• [EXERCISE DIRECTIONS]: Will you write out, word for word, every line from the one with "Borse Da Viaggio" to the final line of the data below, with the pictures left out?

• [TASK INPUT]:
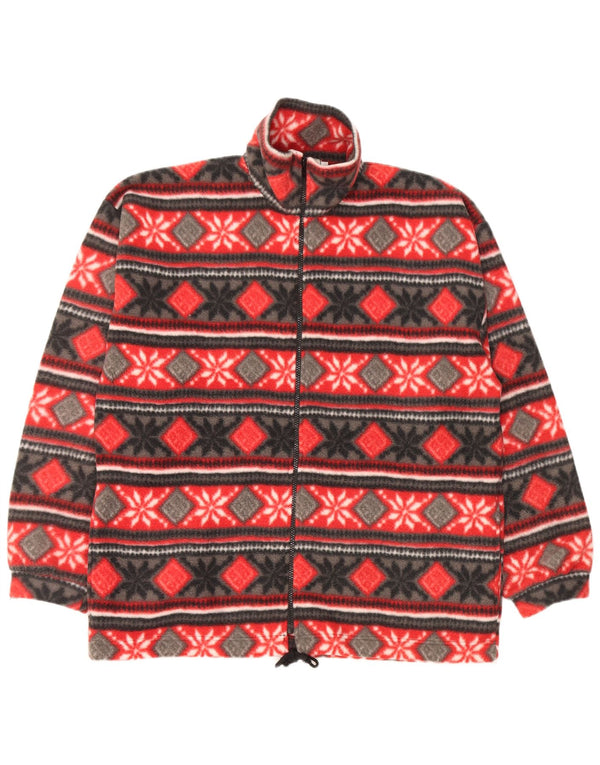 Vintage Ανδρικό Fleece Jacket UK 40 Large Red Fair Isle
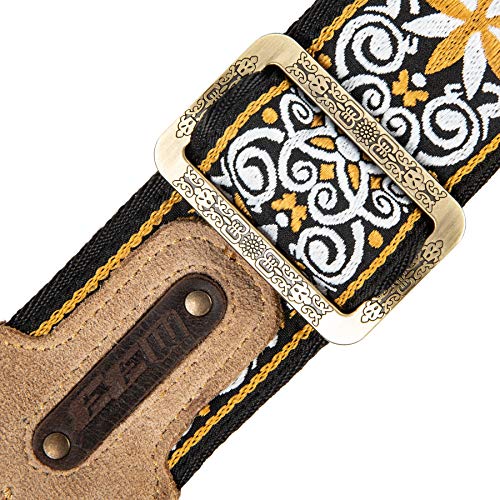M33 Guitar Strap Vintage Woven Collection Strap Set For Acoustic, Bass And Electric Guitars Includes Strap Button + Locks +Picks. Awesome Christmas Gift For Men & Women Guitarists #TOP3
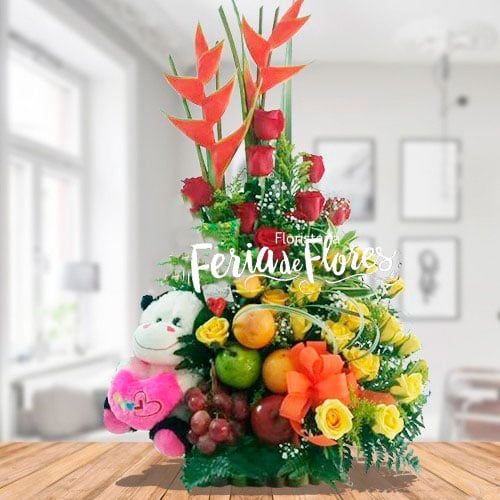 FL077 Arreglo Floral con Frutas Encanto 1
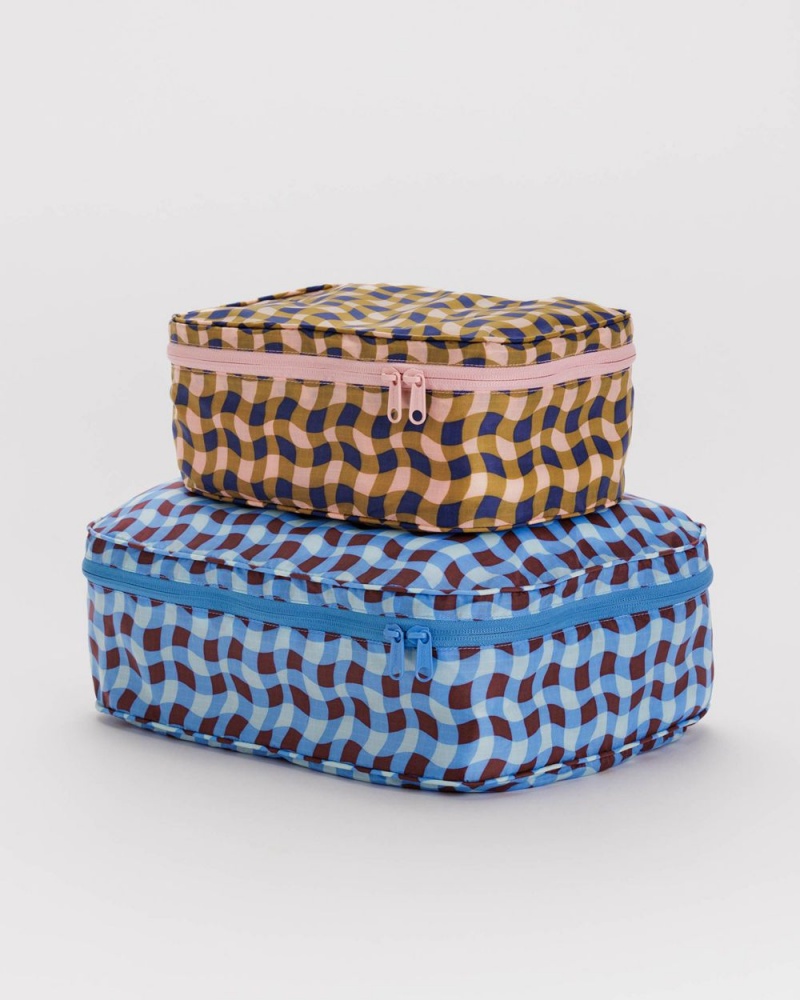 Borse Da Viaggio Baggu Packing Cube Set Blu Marroni | OBZFL7561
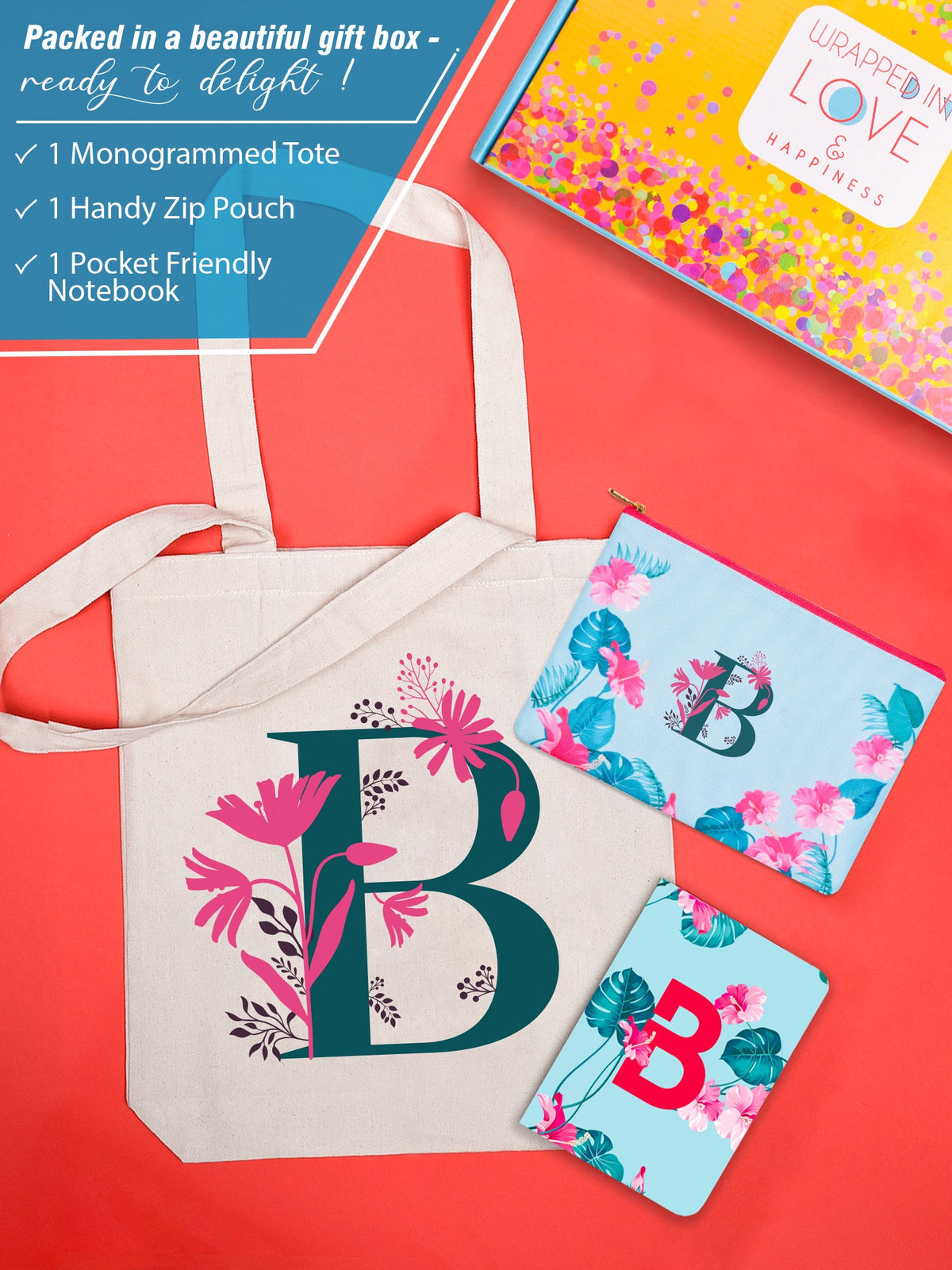 Initial B Monogram Gift Set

• [TASK RESULT]:
 Borse Da Viaggio Baggu Packing Cube Set Blu Marroni | OBZFL7561
 Initial B Monogram Gift Set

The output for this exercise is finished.